How good is Ocaml’s bytecode performance compared to other interpreted languages, such as Java? What’s the right comparison/benchmark, like what are the closest neighbors to Ocaml’s bytecode interpreter in terms of performance? I would guess it’s faster than Python, Ruby and R but I would like to hear people confirm this.
How would you contrast the performance of an Ocaml bytecode program with the native program? In general we should expect the native code to be faster, but how much faster? I am sure it depends on a lot of factors, what factors are most important? Where should we expect to get a big speedup/small speedup?
I just did an experiment where I read a bunch of text files. The compiled version took 3.9 seconds and the bytecode version took 15.9 seconds. That catches me a little bit off guard. I somehow find it surprising that bytecode vs compiled would make a difference for the act of reading files. Intuitively, since the lion’s share of the time in the program is not spent computing but merely waiting on system resources, I would have expected this to not vary much. In both cases you tell the system you want to read lines from a text file, and you wait for the system to deliver the data from memory. Why is compiled vs interpreted a big deal in how long that request takes to fulfill?
For Q1 have I done a simple comparison with Python as follows. I read a comma-separated-value text file with hundreds to thousands of lines, using Core In_channel.read_lines where each line has a unique integer identifier and 8 fields. I build a record from each line, containing those 8 fields, and assemble them together into an Ocaml (Jane Street Core) Map or a Hashtbl/ a Python dict, respectively, where the integer identifier is the index for the record. I have tried using both Ocaml’s lists and (Core) Sequences to tweak the performance. No matter how I write the Ocaml code, the Python is substantially faster than the Ocaml bytecode.
Python: Wall time 10s, sys time 0.4s
Ocaml bytecode: Wall time 23s, sys time 1.2s
Ocaml native: Wall time 4.7s, sys time 0.040s
It is hard to believe that Python beats Ocaml bytecode in file IO and in sys time! I am happy to take suggestions about how I could rearchitecture the Ocaml program for improved performance. It seems like the mutable Ocaml hash table to Python dictionary comparison should be apples-to-apples, but I could be wrong about this.
It depends a lot on your program. As a general rule, the difference will be lower for IO-bound programs and larger for CPU-bound programs.
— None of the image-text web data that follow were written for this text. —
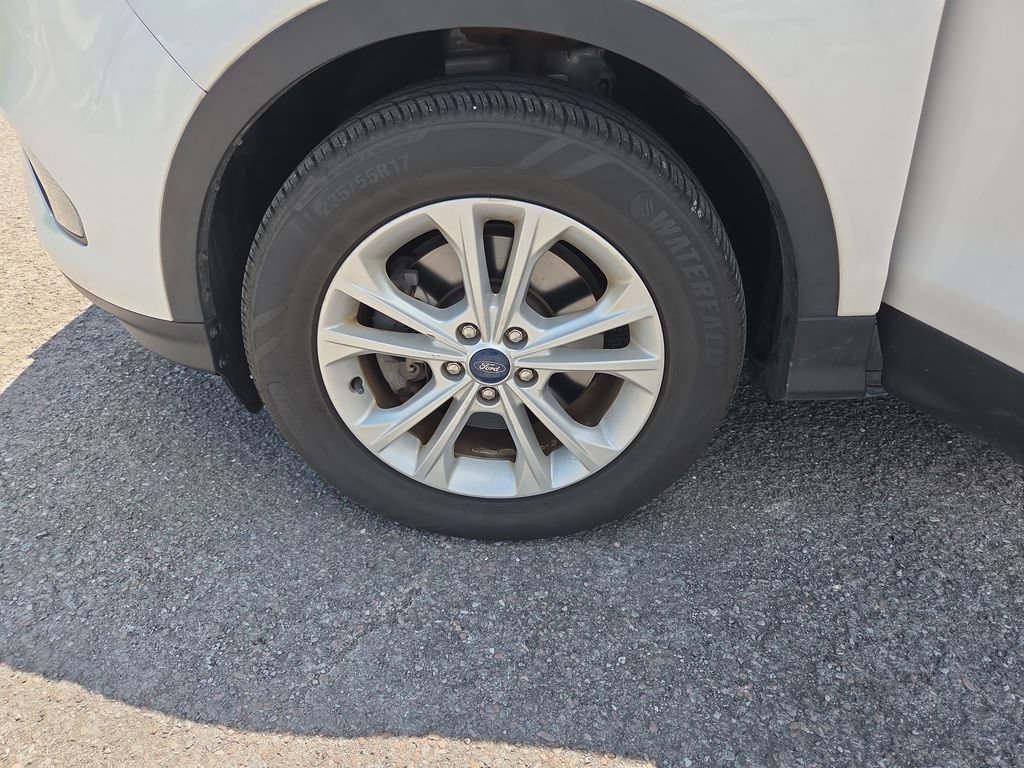 Used 2019 Ford Escape SE AWD/4WD image 21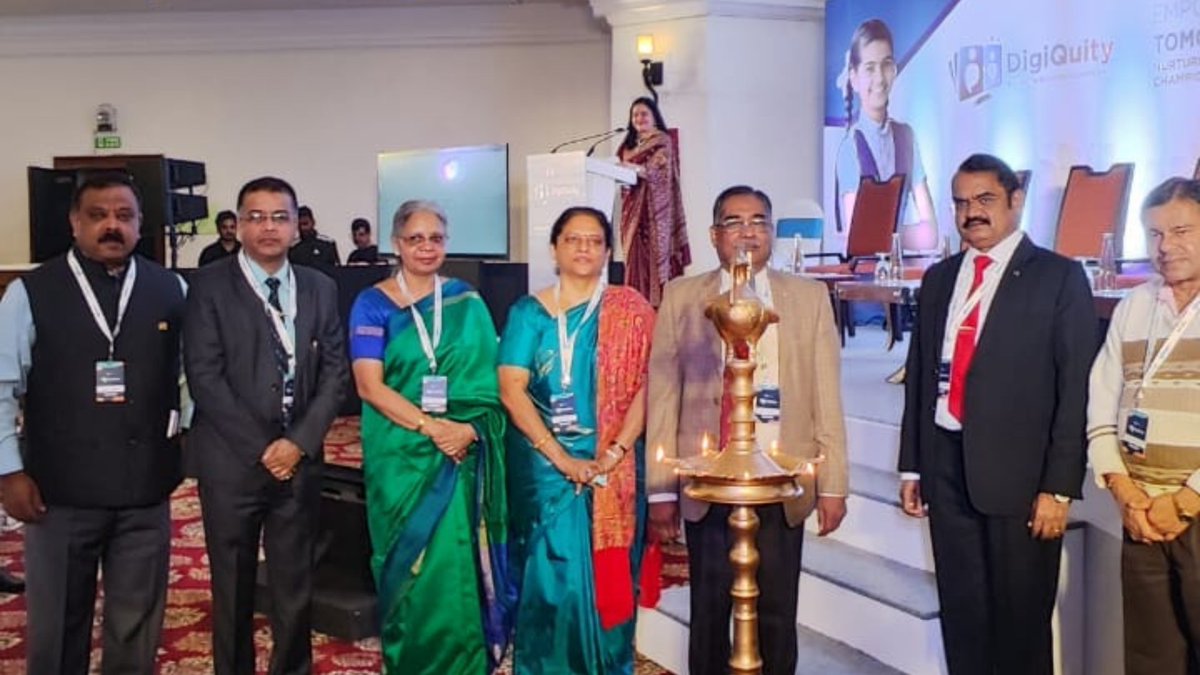 AIFoundation's tweet photo. Illuminating innovation and igniting progress, the lighting of the lamp marks the beginning of #DigiQuity - where excellence meets equity in the realm of #STEM and #SpaceTechnology.
#WomenInSTEM #GirlsInSTEM https://t.co/Cs4fjkHK3i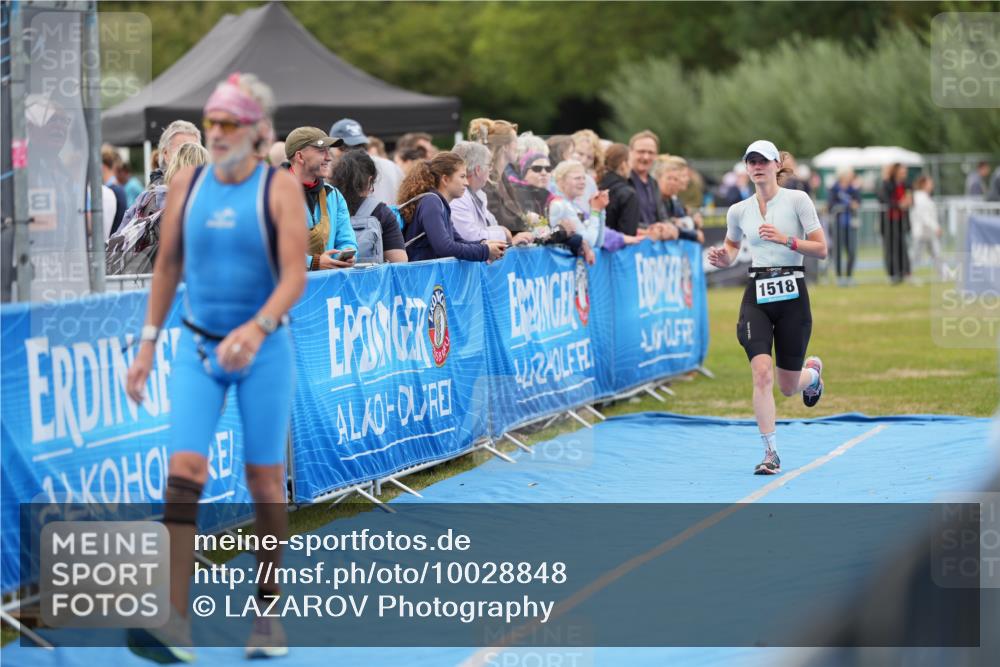30.08.2026 - Elbe Triathlon Hamburg LAZAROV Photography http://msf.ph/oto/10028848 30.08.2026 12:00:20 Ziel 1362, 1518 meine-sportfotos.de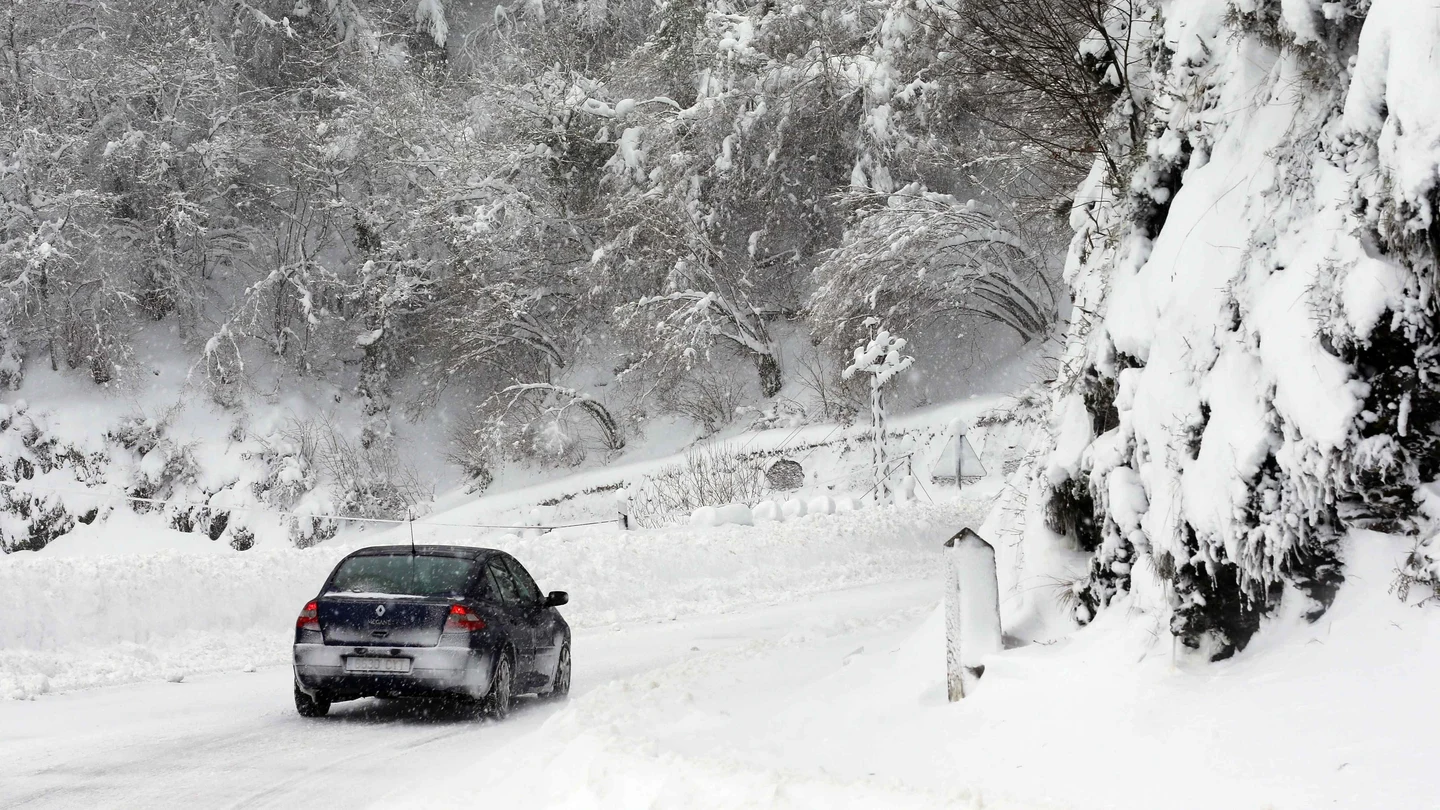El temporal de nieve ha provocado el corte de numerosos puertos de montaña El temporal de nieve ha provocado el corte de numerosos puertos de montaña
Speedups of ~2x to ~10x are typical, depending on the program payload.
I suggest you post the program you are benchmarking somewhere, otherwise it is impossible to explain the results you are seeing…
For parsing csv files, the fastest approach in OCaml is likely to write a lexer and parser (using ocamllex and menhir).
I don’t know how your Python code is written, but if you’re relying on an external library it’s likely much faster than if you had to write it by hand (which is what you’re doing for OCaml).
OCaml bytecode is decent, but it’s interpreted. Python is also interpreted, but contains countless shortcuts to C to accelerate its performance. OCaml doesn’t do this. Java and Javascript use JITs so they will blow away OCaml’s performance.
Hi Nicolas; @nojb
Yes, of course. Here is the relevant source code. Some bits may be omitted because this is code from a larger project and I didn’t want to track down all the dependencies.
As a warning, Jane Street’s libraries tend to be written with performance of the native compiler in mind. Your code ends up using a lot of abstractions that are (almost) free with the native compiler (with flambda) but expensive with bytecode.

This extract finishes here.